De un perfil era un tipo más bien apuesto, del otro era como un monstruo bueno de cuentos
animados. De conjunto era un ser de verdad maravilloso, carismático. Tenía el don de la palabra
hablada. Era feo pero tenía las mejores novias.
Nos hicimos buenos amigos. Con sus increíbles relatos sobre su vida, un amorío en Venecia, otro
en Londres, la narración de alguna película con efectos especiales y todo, los cuentos que se
inventaba en la medida que hablaba me hicieron más llevadera la guerra ese año de 1982.

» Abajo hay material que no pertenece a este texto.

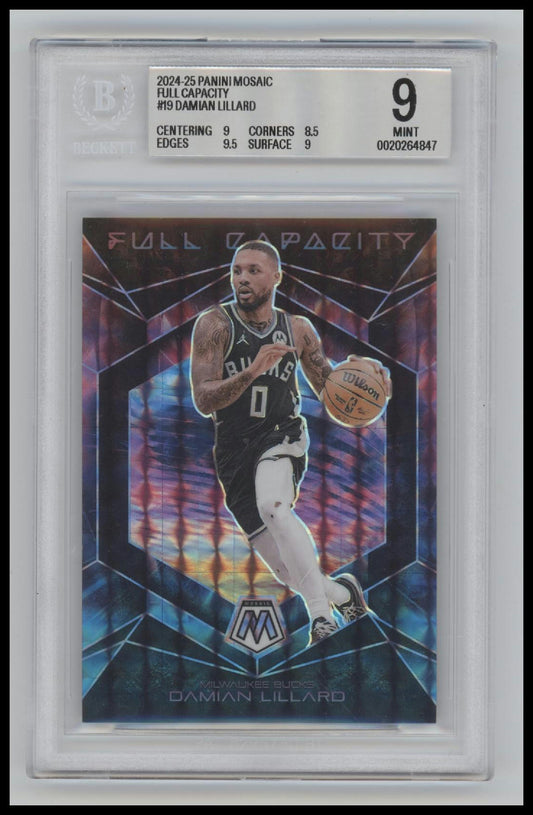 2024-25 Panini Mosaic Full Capacity Damian Lillard 9.0 BGS #19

Hasta que llegó enero de 1983, y todo parecía indicar que en cualquier momento podían enviarme
de regreso a Managua. Fue entonces cuando Maravilla, después, de una larga plática sobre el
sentido de la vida y de la muerte me dijo “Coño, chico, no te vayas. Aquí se está cocinando la
historia. Esta guerra es lo más importante que pasará durante muchos años en este país y tu
tienes que verla todita para contarla con tu pluma.

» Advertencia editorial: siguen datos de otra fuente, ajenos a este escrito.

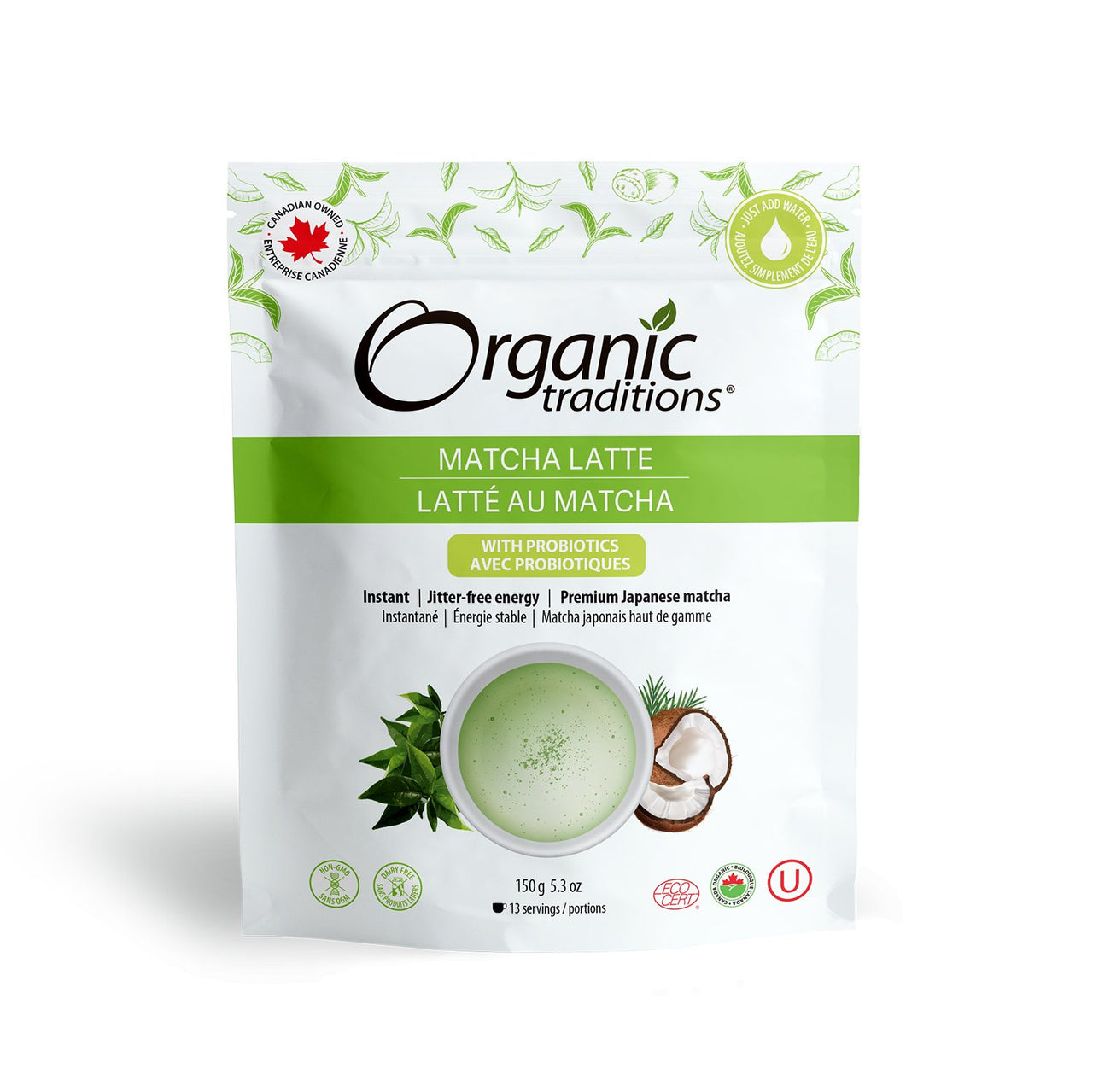 Organic Traditions Matcha Latte with Probiotics 150 Grams - Nutrition Plus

¿Y si me matan? “te pueden matar en cualquier parte, pero si te vas ¿de qué vas escribir? ¿Sobre
crepúsculos, florecillas y otras mariconadas? Quédate hombre. Anda con los ojos abiertos y
después escribes sobre esta vaina” Me armé de valor, repetí mil veces el poema de Almafuerte,
aquel que dice “que muerda y vocifere vengadora, ya rodando en el polvo tu cabeza” Me quedé
toda la guerra, hasta el último día, pasando mil y una aventuras junto a mi hermano del alma
Hernán Vera “Maravilla” y los demás compañeros de la Venceremos.

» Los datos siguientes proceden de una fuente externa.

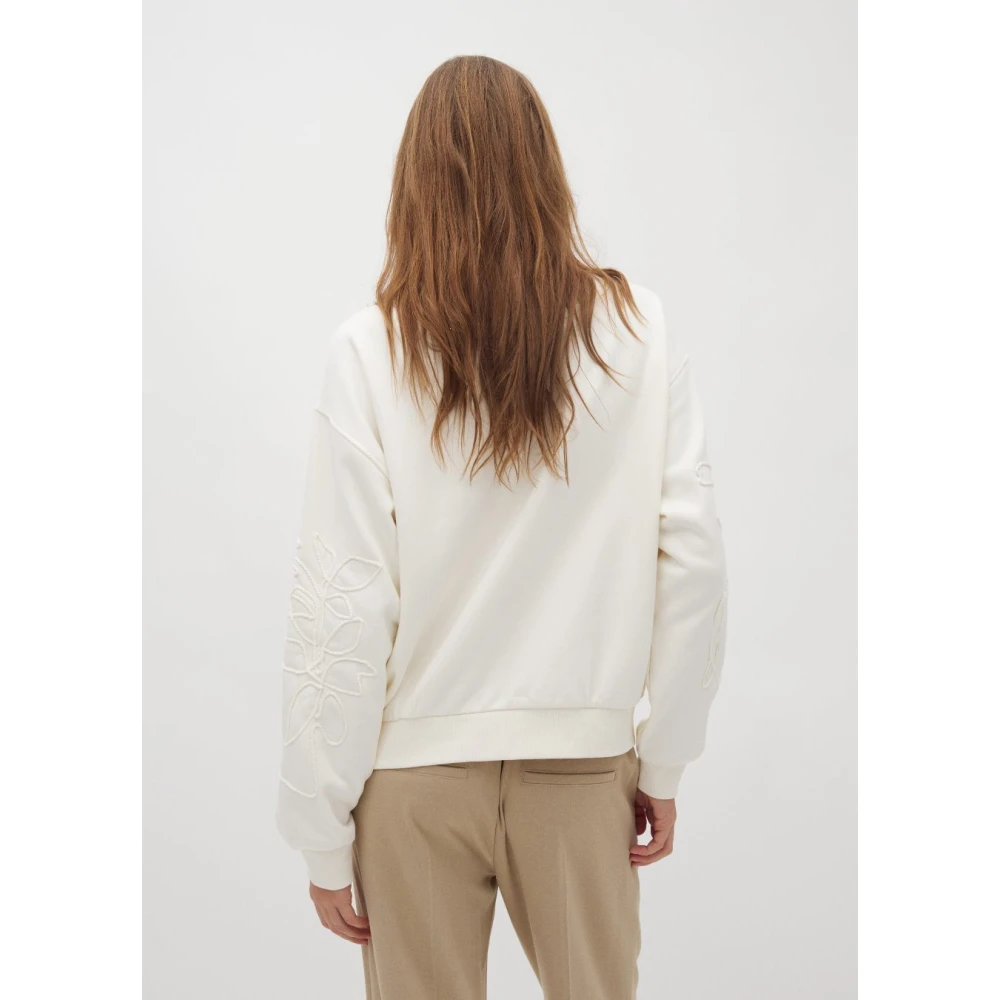 MbyM Romantische Bloemen Geborduurde Off-White Sweater White Dames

Años después, cuando la guerra se terminó, Hernán Vera junto a otro gran amigo Epigmenio
Ibarra, partiendo de cero, hicieron temblar el imperio de Televisa, con audaces noticieros y una
revolución total en el mundo de las telenovelas. En 1998 me invitó a su casa, estaba casado con la
bellía actriz Gabriela Roel. Me di cuenta que hasta las actrices más bonitillas querían un romance
con el feo Maravilla.
Solidario, desprendido, carismático, agradable y con el don de la palabra hablada. Nada como oír
una película contada por Maravilla a la luz del fogón de la cocina guerrillera. Era casi verla. Nada
como oír las historias de sus amores en un bar de México. Estuvo en mi casa hace cinco años. Lo
vi desmejorado de salud, pero siempre con la luz encendida en el alma iluminando de alegría
cualquier encuentro con cualquiera.
La noche del pasado domingo, aquel que salió vivo de varias emboscadas y fieros bombardeos en
Morazán y Usulután, que sobrevivió a las matanzas de Sarajevo, cerró los ojos y se nos fue para
siempre.
Se nos murió quien en los ochenta dijo que Managua era un potrero con tres semáforos, que
una indita desdentada de un metro de altura, gordita y de senos enormes era una “arroba de
sensualidad”, quien contó un fiero combate en Serbia partiendo de la descripción de una mujer
desnuda poniéndose una medias negras, quien siempre le vio el lado bueno a la vida, seguro que
también sabrá encontrarle un lado hermoso a la muerte. Adiós hermano del alma.